The chapter title, Batman’s Last Chance!, must refer to Batman’s last chance to run around in this particular drab office building. I don’t think it’s supposed to be the same one they used earlier, but it definitely appears to be the same set. The last third–maybe less but it feels like a third–of the chapter is Robert Lowery running around this office building’s corridors trying to avoid the bad guys.

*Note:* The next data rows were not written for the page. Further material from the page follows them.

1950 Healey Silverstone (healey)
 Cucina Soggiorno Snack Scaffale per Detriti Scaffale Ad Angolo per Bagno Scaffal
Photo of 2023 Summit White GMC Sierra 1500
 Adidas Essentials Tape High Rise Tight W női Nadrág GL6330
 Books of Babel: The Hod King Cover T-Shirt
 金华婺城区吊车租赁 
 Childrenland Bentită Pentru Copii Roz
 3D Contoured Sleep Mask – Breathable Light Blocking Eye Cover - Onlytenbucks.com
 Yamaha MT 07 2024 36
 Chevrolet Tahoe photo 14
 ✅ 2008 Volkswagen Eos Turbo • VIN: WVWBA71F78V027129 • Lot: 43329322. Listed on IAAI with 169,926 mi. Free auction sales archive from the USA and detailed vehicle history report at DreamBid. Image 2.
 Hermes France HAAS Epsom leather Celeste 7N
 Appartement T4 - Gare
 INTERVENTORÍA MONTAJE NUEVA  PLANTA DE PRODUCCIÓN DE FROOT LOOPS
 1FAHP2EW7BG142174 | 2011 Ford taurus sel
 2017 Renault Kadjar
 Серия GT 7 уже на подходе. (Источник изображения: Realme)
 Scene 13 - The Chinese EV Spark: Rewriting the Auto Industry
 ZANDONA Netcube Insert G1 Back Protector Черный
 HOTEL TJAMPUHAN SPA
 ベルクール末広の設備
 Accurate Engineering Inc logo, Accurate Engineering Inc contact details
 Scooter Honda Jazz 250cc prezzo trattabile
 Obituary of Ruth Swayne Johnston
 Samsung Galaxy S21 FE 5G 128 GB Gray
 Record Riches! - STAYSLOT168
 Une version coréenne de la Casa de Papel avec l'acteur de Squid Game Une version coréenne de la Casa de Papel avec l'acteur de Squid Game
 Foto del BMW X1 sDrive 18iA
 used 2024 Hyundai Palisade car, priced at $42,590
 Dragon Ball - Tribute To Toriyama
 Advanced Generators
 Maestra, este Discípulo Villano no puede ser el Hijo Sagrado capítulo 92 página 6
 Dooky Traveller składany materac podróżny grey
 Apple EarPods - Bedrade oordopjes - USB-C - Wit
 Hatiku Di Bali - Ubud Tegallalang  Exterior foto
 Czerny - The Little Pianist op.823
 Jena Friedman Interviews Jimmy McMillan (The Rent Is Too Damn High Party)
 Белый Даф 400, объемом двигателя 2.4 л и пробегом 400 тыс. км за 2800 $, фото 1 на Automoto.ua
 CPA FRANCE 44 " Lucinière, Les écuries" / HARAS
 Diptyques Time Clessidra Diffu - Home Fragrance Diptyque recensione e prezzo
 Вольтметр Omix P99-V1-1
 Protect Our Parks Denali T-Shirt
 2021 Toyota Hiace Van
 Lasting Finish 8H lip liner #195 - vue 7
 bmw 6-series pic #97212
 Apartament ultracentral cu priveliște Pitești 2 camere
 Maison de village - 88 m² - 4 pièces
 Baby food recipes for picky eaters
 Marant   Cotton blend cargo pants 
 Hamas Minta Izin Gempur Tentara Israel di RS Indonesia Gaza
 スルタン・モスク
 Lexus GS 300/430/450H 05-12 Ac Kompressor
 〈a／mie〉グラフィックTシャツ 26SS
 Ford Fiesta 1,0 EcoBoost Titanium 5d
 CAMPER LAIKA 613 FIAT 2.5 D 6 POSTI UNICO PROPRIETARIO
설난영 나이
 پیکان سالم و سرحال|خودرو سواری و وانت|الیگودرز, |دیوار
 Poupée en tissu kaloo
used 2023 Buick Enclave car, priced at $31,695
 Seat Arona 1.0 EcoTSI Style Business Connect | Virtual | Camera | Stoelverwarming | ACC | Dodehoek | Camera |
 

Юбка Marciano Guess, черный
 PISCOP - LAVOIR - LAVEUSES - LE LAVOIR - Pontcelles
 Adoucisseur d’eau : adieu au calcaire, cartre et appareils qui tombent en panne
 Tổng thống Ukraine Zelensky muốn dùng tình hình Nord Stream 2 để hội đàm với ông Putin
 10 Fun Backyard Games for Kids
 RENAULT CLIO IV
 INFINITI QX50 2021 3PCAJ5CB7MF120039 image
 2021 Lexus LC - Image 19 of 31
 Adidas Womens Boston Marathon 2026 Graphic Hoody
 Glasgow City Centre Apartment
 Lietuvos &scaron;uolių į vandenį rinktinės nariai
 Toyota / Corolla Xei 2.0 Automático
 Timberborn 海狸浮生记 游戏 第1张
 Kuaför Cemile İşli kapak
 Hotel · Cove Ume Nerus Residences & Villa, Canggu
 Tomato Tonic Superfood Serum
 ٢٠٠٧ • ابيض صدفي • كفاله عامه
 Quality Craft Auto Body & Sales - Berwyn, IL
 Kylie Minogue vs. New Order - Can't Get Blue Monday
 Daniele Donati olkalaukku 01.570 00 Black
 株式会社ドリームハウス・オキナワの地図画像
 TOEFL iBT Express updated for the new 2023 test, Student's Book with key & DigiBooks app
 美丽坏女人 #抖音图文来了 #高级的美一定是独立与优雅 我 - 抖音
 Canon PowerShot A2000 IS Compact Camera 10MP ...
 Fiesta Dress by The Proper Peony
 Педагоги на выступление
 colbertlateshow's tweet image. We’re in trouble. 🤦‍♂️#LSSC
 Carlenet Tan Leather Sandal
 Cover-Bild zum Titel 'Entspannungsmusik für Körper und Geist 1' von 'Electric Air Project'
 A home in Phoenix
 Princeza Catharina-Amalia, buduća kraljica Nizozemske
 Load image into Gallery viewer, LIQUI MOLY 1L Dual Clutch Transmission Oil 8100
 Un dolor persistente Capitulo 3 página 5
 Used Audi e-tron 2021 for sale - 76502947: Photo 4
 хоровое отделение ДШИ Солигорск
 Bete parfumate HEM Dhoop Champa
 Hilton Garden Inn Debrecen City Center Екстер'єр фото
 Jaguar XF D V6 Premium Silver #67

Until Lowery suits up for the finale, Last Chance is one of the better chapters. It passes time with less annoyance than a usual Batman and Robin chapter. Probably because most of it is Jane Adams and her crook brother, George Offerman Jr. Everyone acts real dumb–Offerman not noticing Adams following him, the crooks locking Adams up with a live telephone, Adams calling Bruce Wayne for help instead of the cops; the list of dumb, as always, is way too long.
There’s one pleasant surprise when the possible cliffhanger device–an electrified door–doesn’t turn out to be that device. It’s a misdirection device, but not a drawn out one. Works better in the chapter. Provides something like drama.
If only Lowery were able to convey such a thing with his acting. He and Robin Johnny Duncan could care less about their failed superhero outings endangering the general public.
Directed by Spencer Gordon Bennet; screenplay by George H. Plympton, Joseph F. Poland, and Royal K. Cole, based on characters created by Bob Kane and Bill Finger; director of photography, Ira H. Morgan; edited by Dwight Caldwell and Earl Turner; produced by Sam Katzman; released by Columbia Pictures.
Starring Robert Lowery (Batman / Bruce Wayne), Johnny Duncan (Robin / Dick Grayson), Jane Adams (Vicki Vale), Lyle Talbot (Commissioner Jim Gordon), Don C. Harvey (Henchman Nolan), Lee Roberts (Henchman Neal), William Fawcett (Prof. Hammil), Leonard Penn (Carter), Rick Vallin (Barry Brown), Michael Whalen (Private Investigator Dunne), George Offerman Jr. (Henchman Jimmy), and Eric Wilton (Alfred Beagle).